# GOAL OF THE EXERCISE
Please restate the entries verbatim. The copy should hold no pictures.

# SUPPLIED RECORDS
****
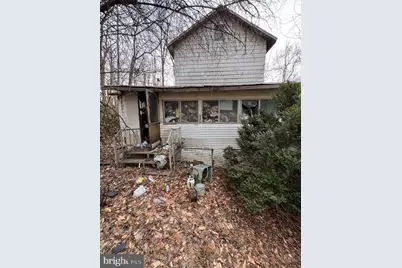 857 Ragan Road, Conowingo, MD 21918 - Photo 1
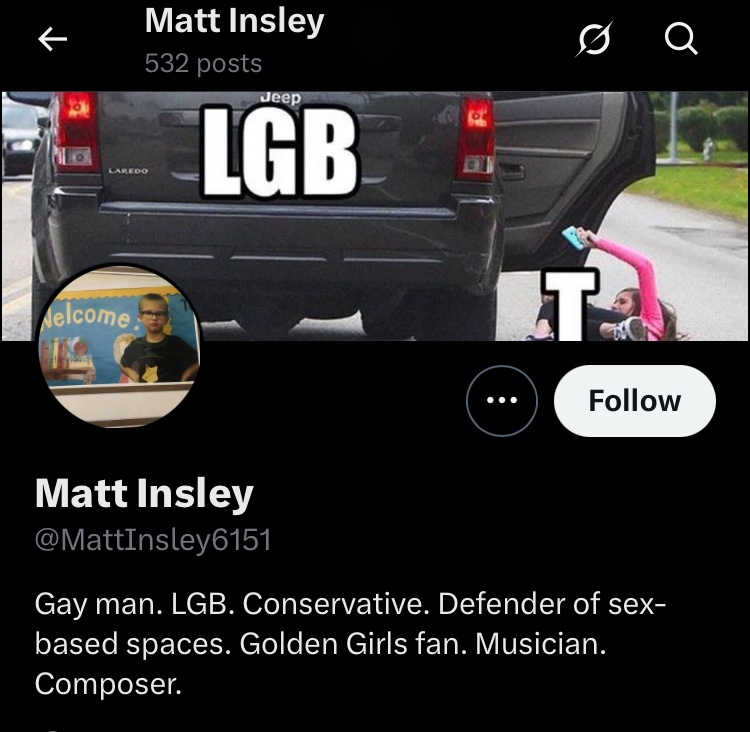 starchy spring onion ⭐️ tweet media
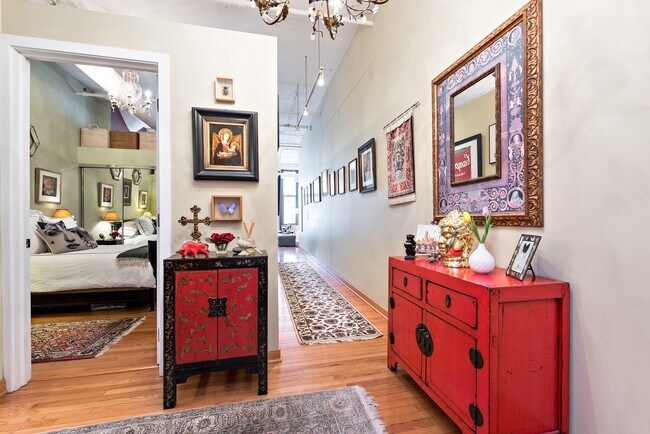 Foto del edificio - 333 W Hubbard St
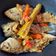 Cooksnap dari yolanda taslim untuk resep Ikan mas bumbu kuning (pesmol) simpel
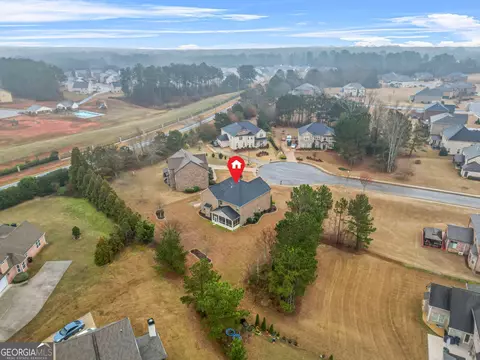 1305 Lanier Ct, Hampton, GA 30228 photo 51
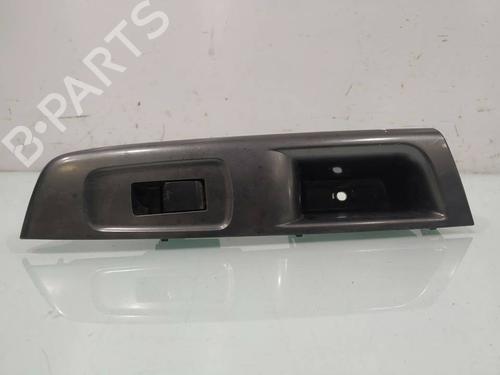 Used Left rear window switch Left rear window switch SUBARU IMPREZA Hatchback (GR, GH, G3) 2.0 D AWD (150 hp) 39691933 39691933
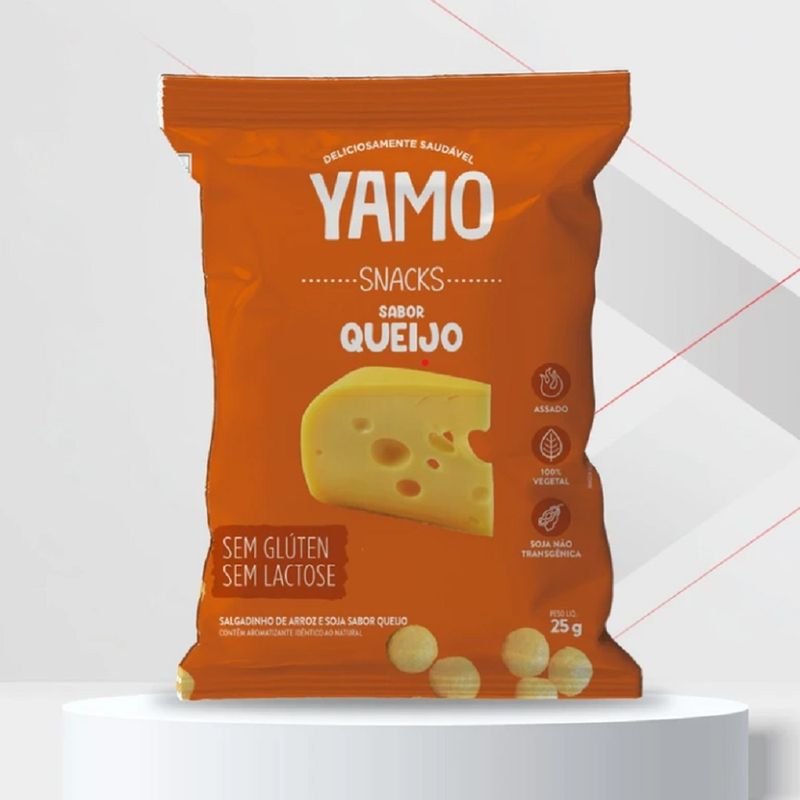 snacks-yamo-topway-sabor-queijo-25g-1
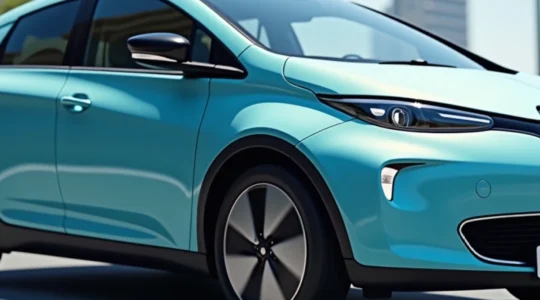 quels-sont-les-avantages-reels-d-une-assurance-voiture-electrique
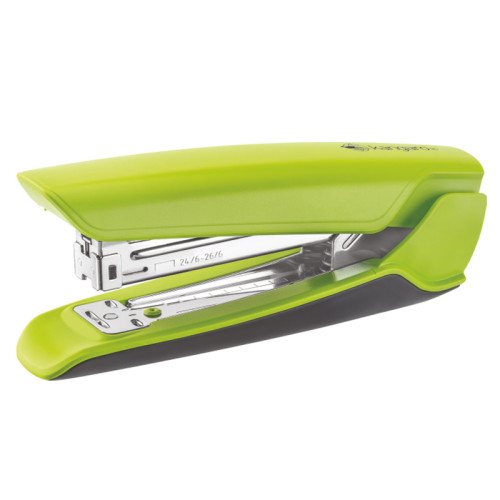 GRAPADORA NOWA 335S (COLORES SURTIDOS) KANGARO (Ref.KGN335)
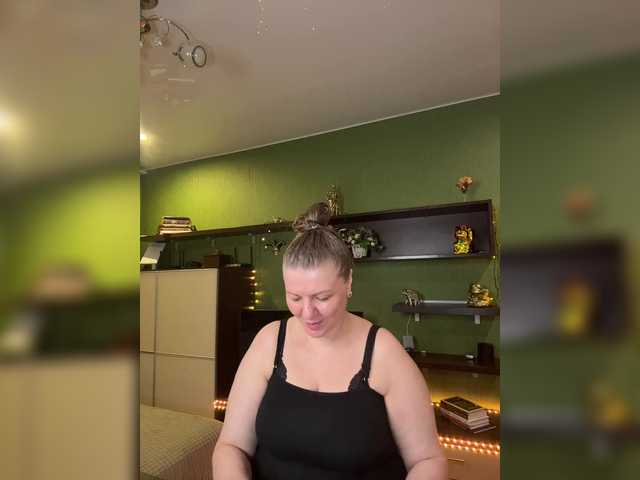 Taly1974's BongaCams show and profile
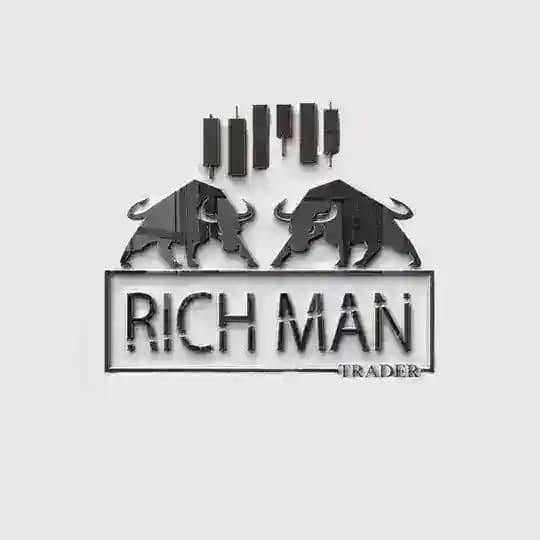 Rich Man Public🤑🤟 Profile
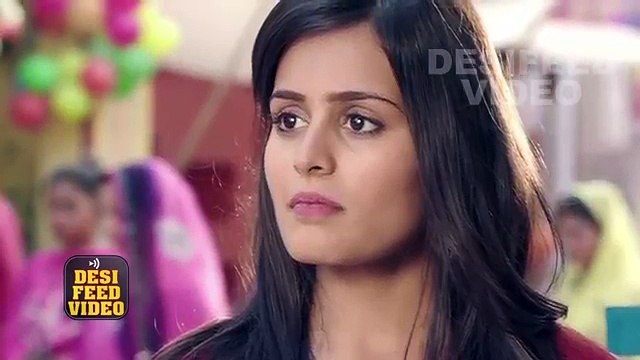 Tu Sooraj Main Saanjh Piyaji - 19th May 2017 Today News Star Plus Tu Suraj Main Saanjh Piya Ji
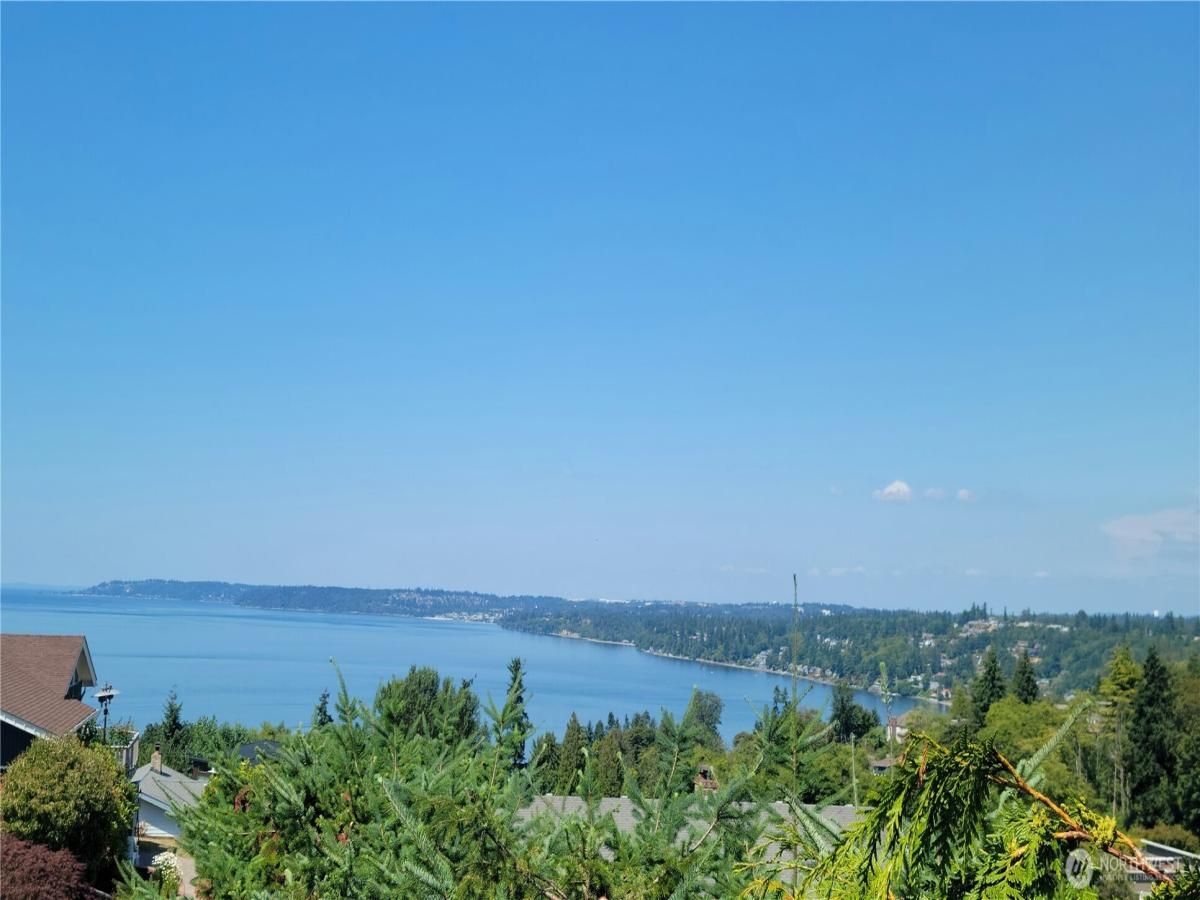 MLS #NWM2378079 img 0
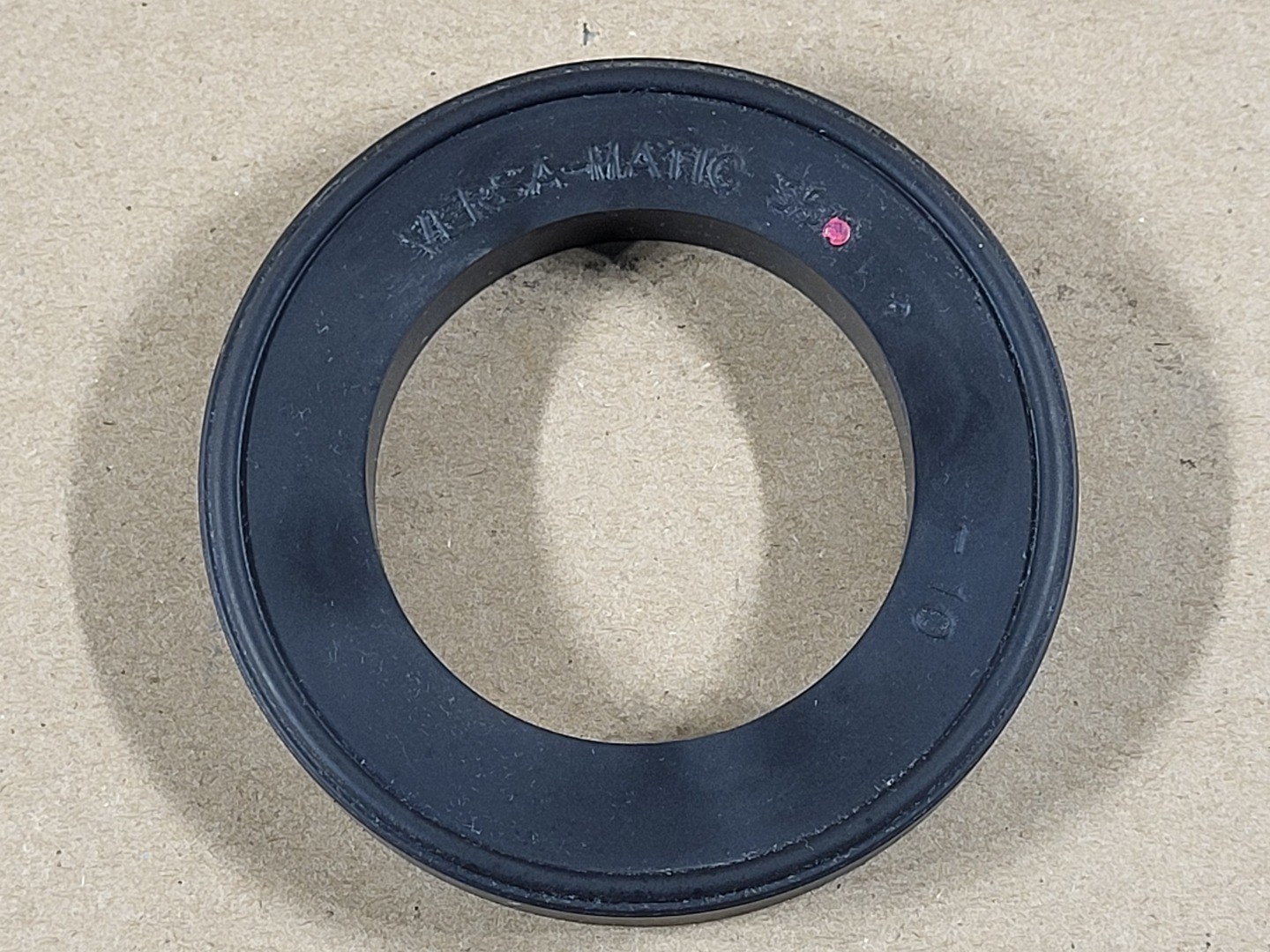 VERSAMATIC Valve Seat 356 (Bag of 12)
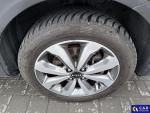 Kia Stonic 1.0 T-GDI MR`24 E6d Aukcja 306592 - grafika 79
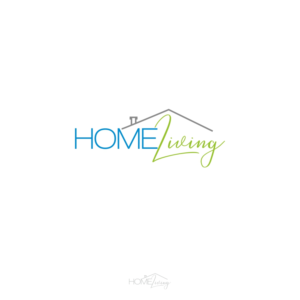 Logo Design by Basksh Designs for MACH Supplies Ltd | Design: #17988739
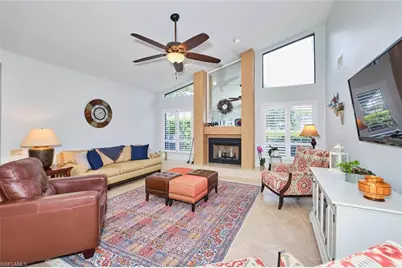 15440 Kilmarnock Dr, Fort Myers, FL 33912 - Photo 5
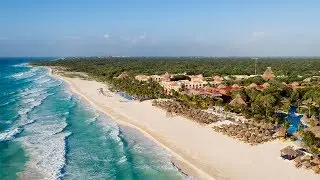 Welcome to IBEROSTAR The Club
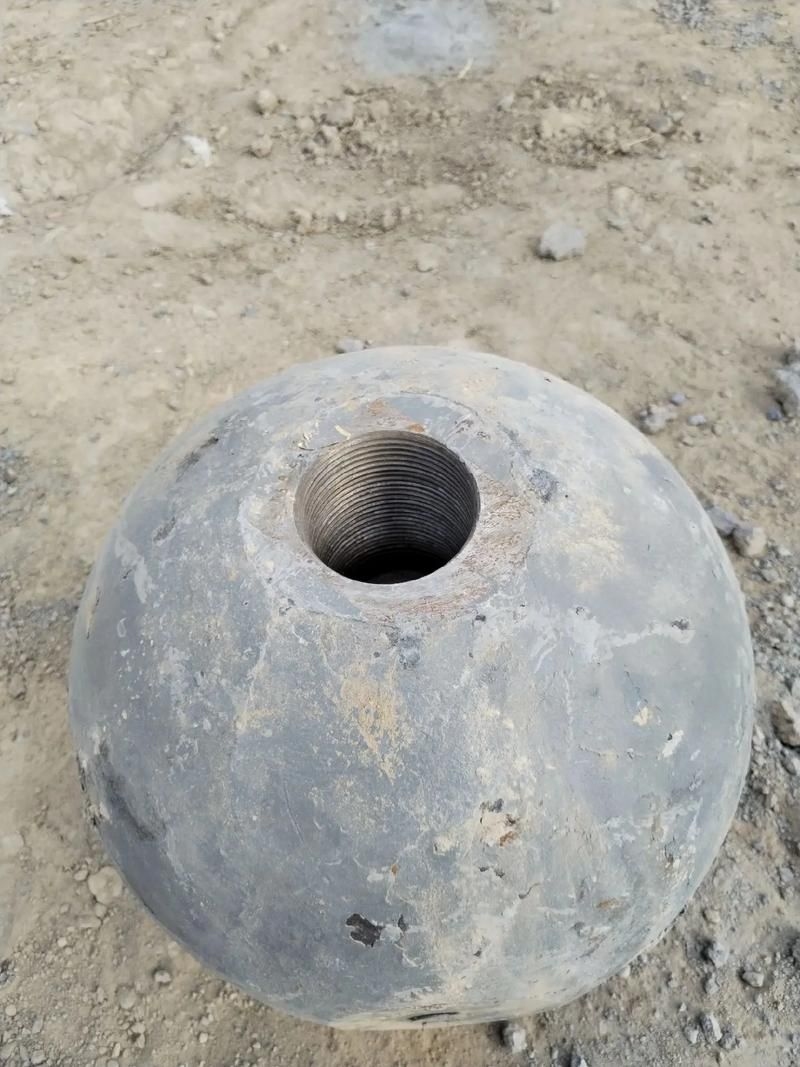 給我一份網架規(guī)格尺寸表的示例（jgj7-2010網架規(guī)格尺寸表（jgj7-2010》） 行業(yè)新聞 第9張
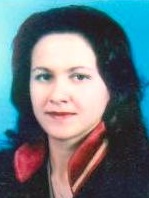 Avukat Sibel Korkmaz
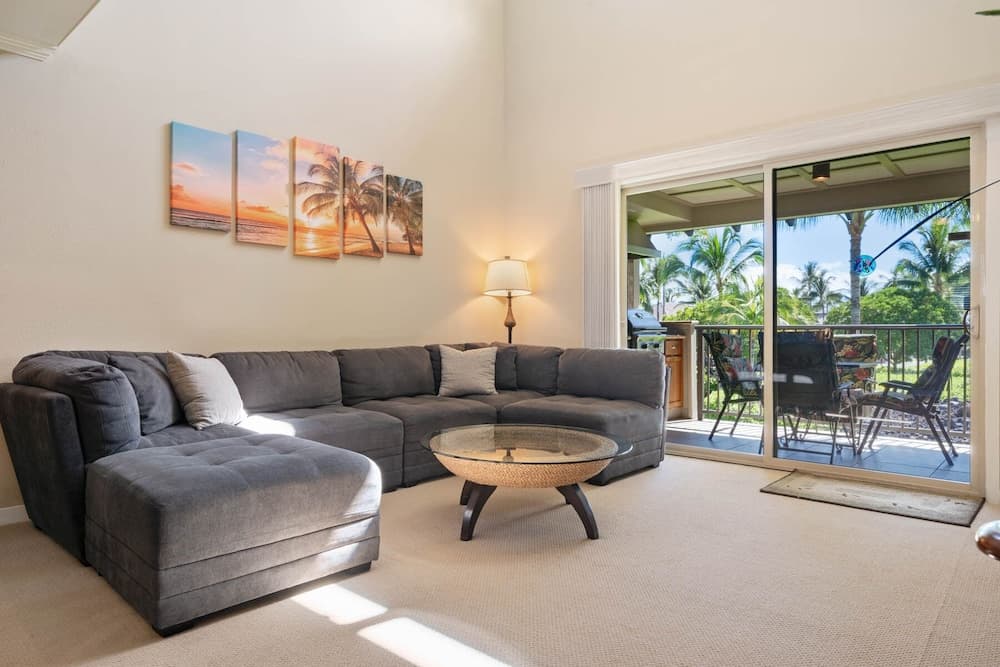 Mauna Lani Golf Villas #q22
****
# RESPONSE TO THIS EXERCISE
 857 Ragan Road, Conowingo, MD 21918 - Photo 1
 starchy spring onion ⭐️ tweet media
 Foto del edificio - 333 W Hubbard St
 Cooksnap dari yolanda taslim untuk resep Ikan mas bumbu kuning (pesmol) simpel
 1305 Lanier Ct, Hampton, GA 30228 photo 51
 Used Left rear window switch Left rear window switch SUBARU IMPREZA Hatchback (GR, GH, G3) 2.0 D AWD (150 hp) 39691933 39691933
 snacks-yamo-topway-sabor-queijo-25g-1
 quels-sont-les-avantages-reels-d-une-assurance-voiture-electrique
 GRAPADORA NOWA 335S (COLORES SURTIDOS) KANGARO (Ref.KGN335)
 Taly1974's BongaCams show and profile
 Rich Man Public🤑🤟 Profile
 Tu Sooraj Main Saanjh Piyaji - 19th May 2017 Today News Star Plus Tu Suraj Main Saanjh Piya Ji
 MLS #NWM2378079 img 0
 VERSAMATIC Valve Seat 356 (Bag of 12)
 Kia Stonic 1.0 T-GDI MR`24 E6d Aukcja 306592 - grafika 79
 Logo Design by Basksh Designs for MACH Supplies Ltd | Design: #17988739
 15440 Kilmarnock Dr, Fort Myers, FL 33912 - Photo 5
 Welcome to IBEROSTAR The Club
 給我一份網架規(guī)格尺寸表的示例（jgj7-2010網架規(guī)格尺寸表（jgj7-2010》） 行業(yè)新聞 第9張
 Avukat Sibel Korkmaz
 Mauna Lani Golf Villas #q22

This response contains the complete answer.